What's behind these benefits? DB2 enables users to store XML documents intact with full DBMS knowledge of the document's internal structure. This eliminates or minimizes administrative and programming tasks associated with other alternatives. Furthermore, it can speed searches across and within documents, and it enables customers to more readily accommodate changes to business requirements reflected in XML schemas.
DB2 allows client applications to work with both tabular and XML data structures through the query language of their choice -- SQL (including SQL with XML extensions, often referred to as "SQL/XML") or XQuery. As shown in Figure 1, engine-level components within DB2 support queries specified in either language.
Figure 1. The architecture of the new DB2 9 release
To efficiently manage traditional SQL data types and XML data, DB2 includes two distinct storage mechanisms. We'll discuss the pureXML® storage technology shortly. However, it's important to note that the underlying storage mechanism used for a given data type is transparent to the application. In other words, the application doesn't need to explicitly specify which storage mechanism to use or manage physical aspects of storage, such as splitting portions of XML documents across multiple database pages. It simply enjoys the runtime performance benefits of storing and querying data in a format that's efficient for the target data.
Let's delve into the DB2 XML features from a user's point of view.
Collections of XML documents are stored in DB2 tables containing one or more columns of the new XML data type. This enables administrators to use familiar SQL data definition language (DDL) statements to create database objects for persisting their XML data. However, this familiar interface masks the fact that DB2 stores the XML data differently, using new technology to preserve the XML data's hierarchical structure and support efficient searches spanning all or part of the original XML data.

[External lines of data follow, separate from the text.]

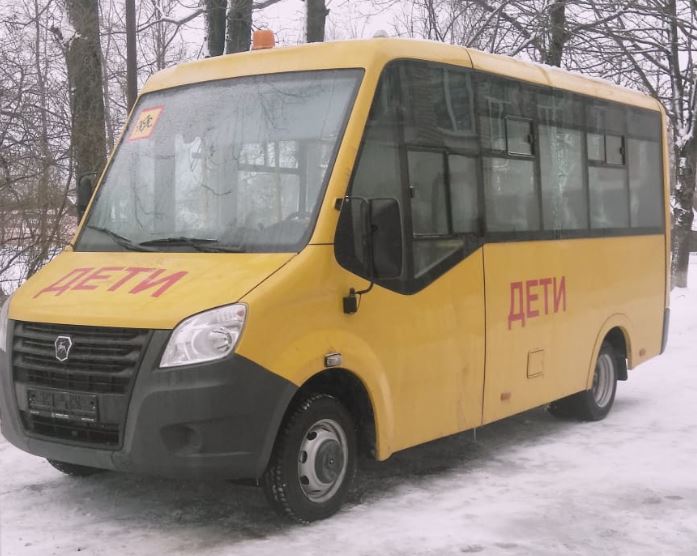 В Новодугинскую школу поступил новый автобус взамен старого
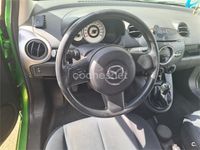 Begagnad Mazda 2 Active 75 HK (55 kW) 2008 Grön Halvkombi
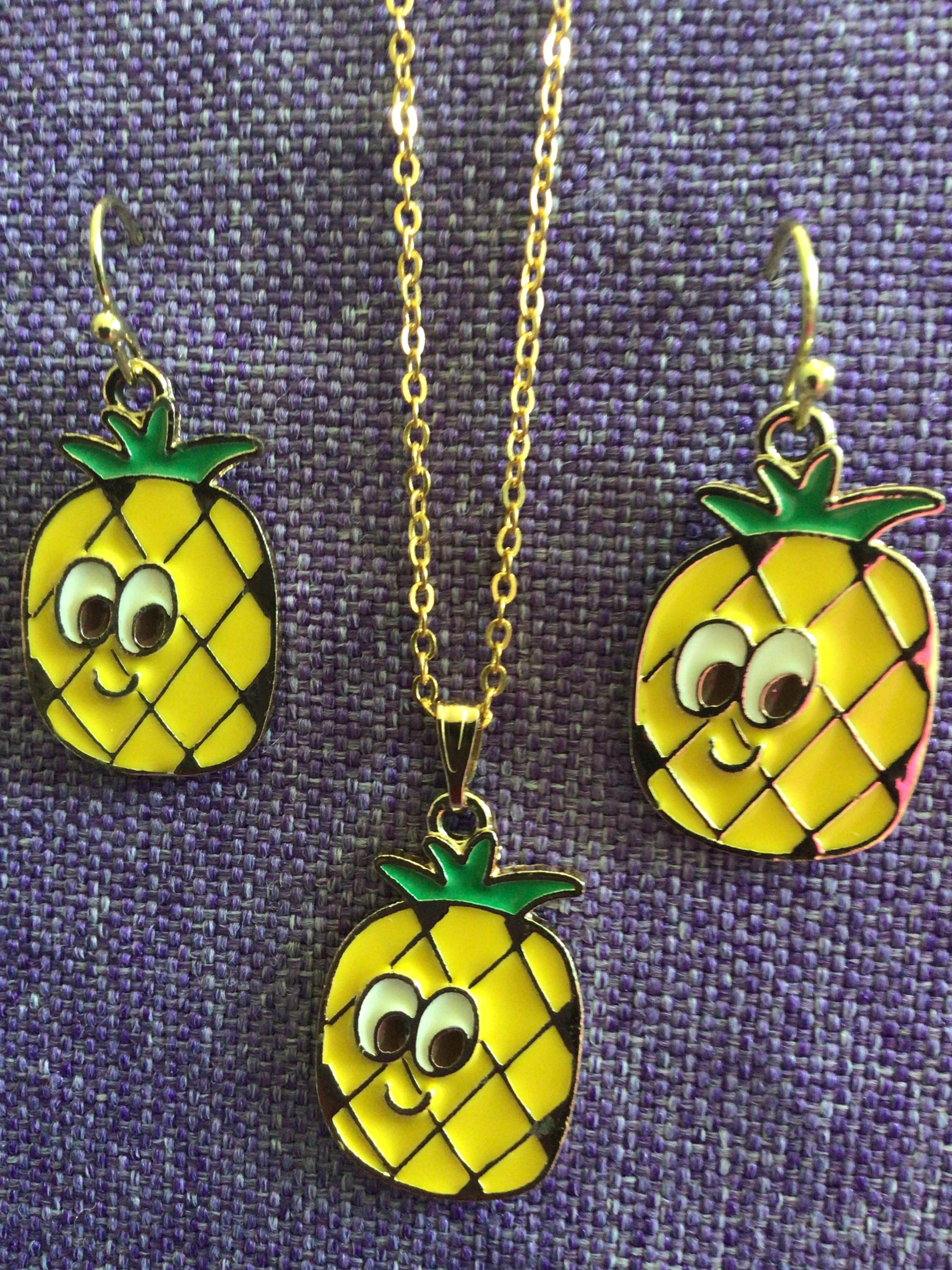 ●PINK PINEAPPLE● SMILE BEADS NECKLACEORANGE m1037_1016272 Bright Tropical Pink & Orange Necklace, multi strand jewelry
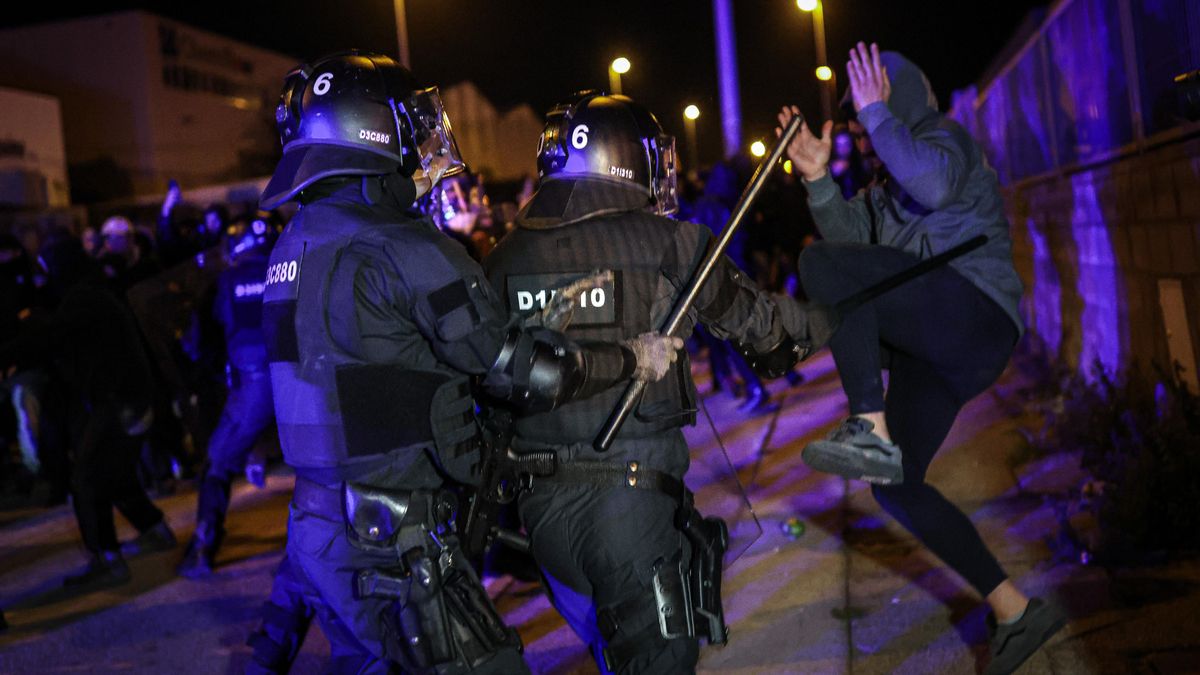 Cargas policiales en la manifestación antifascista en Sentmenat (Barcelona) contra un acto de Núcleo Nacional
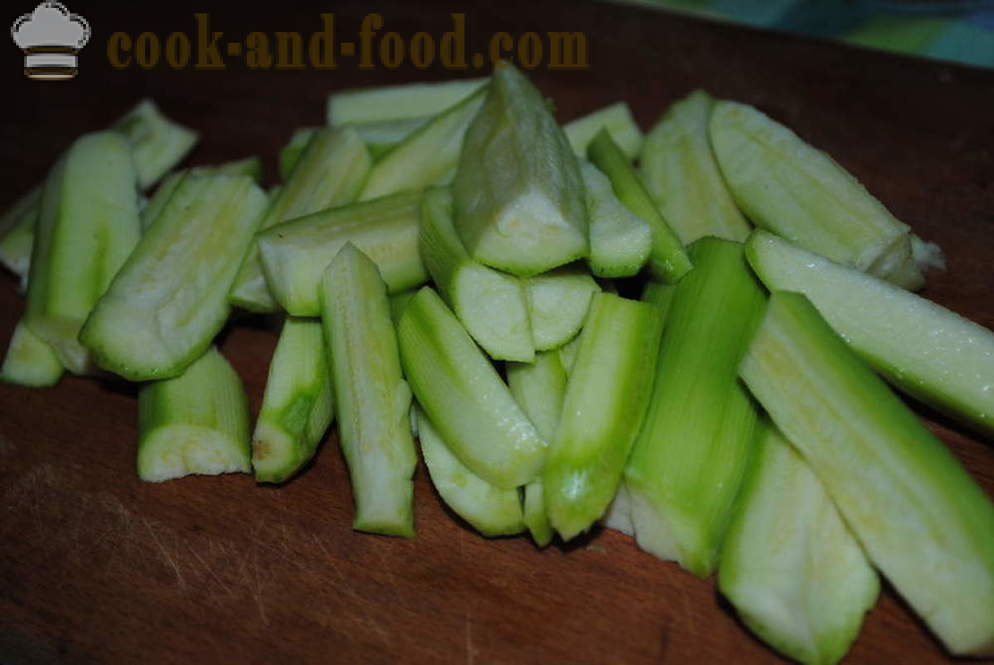 Delicious zucchini with walnuts and garlic - how to prepare a salad of zucchini and nuts, with a step by step recipe photos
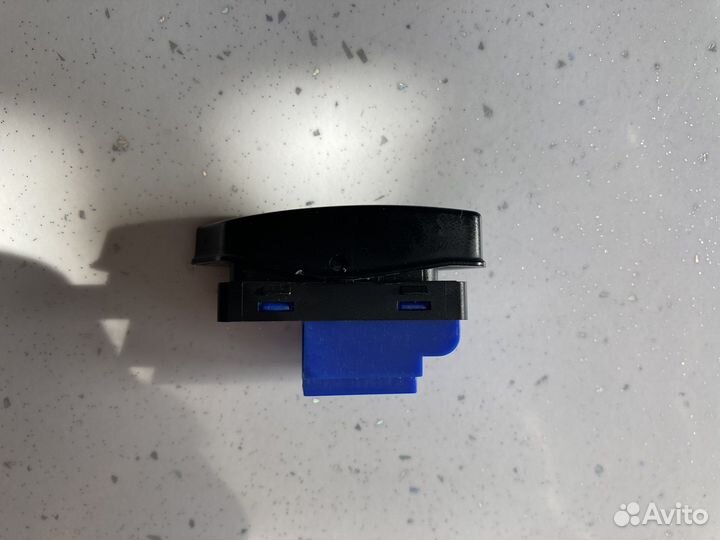 Кнопка центрального замка vw 1KO962125B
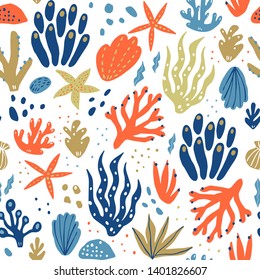 Marine flat hand drawn seamless pattern. Seaweed, corals, starfish, shells cartoon illustrations. Underwater, nautical backdrop. Sea world, aquarium. Textile, wrapping paper design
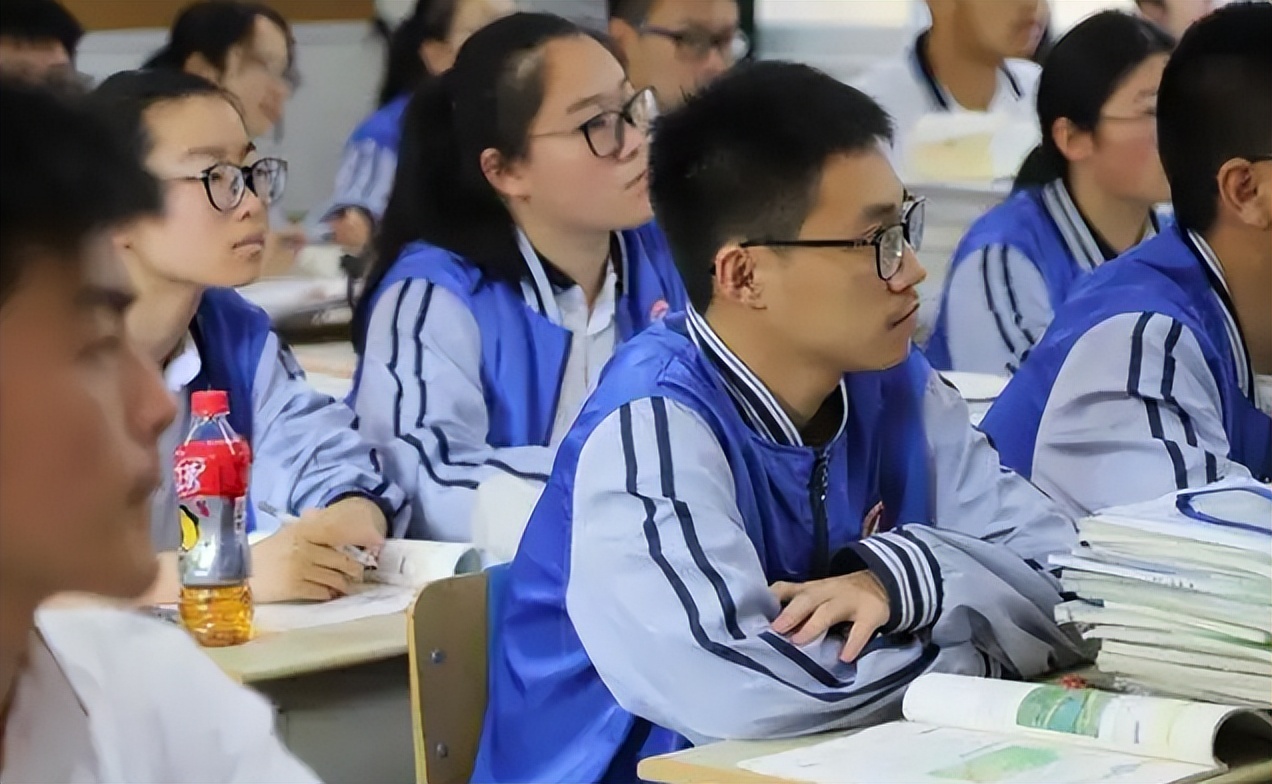 全国百强高中名单发布，雅礼中学入围前五，衡水中学无缘榜首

To make it easy for users to integrate traditional forms of business data with XML data, DB2 administrators can create tables that contain columns of both traditional SQL data types and the new XML data type. Here's an example of one such table:
Listing 1. Creating a table with an XML column
create table items (
id int primary key not null,
brandname varchar(30),
itemname varchar(30),
sku int,
srp decimal(7,2),
comments xml
)
|
The first five columns of this table use traditional SQL data types to track information about each item for sale, including its ID number, brand name, item name, stock keeping unit (SKU), and suggested retail price (SRP). A "comments" column contains XML data with feedback customers have shared regarding the item.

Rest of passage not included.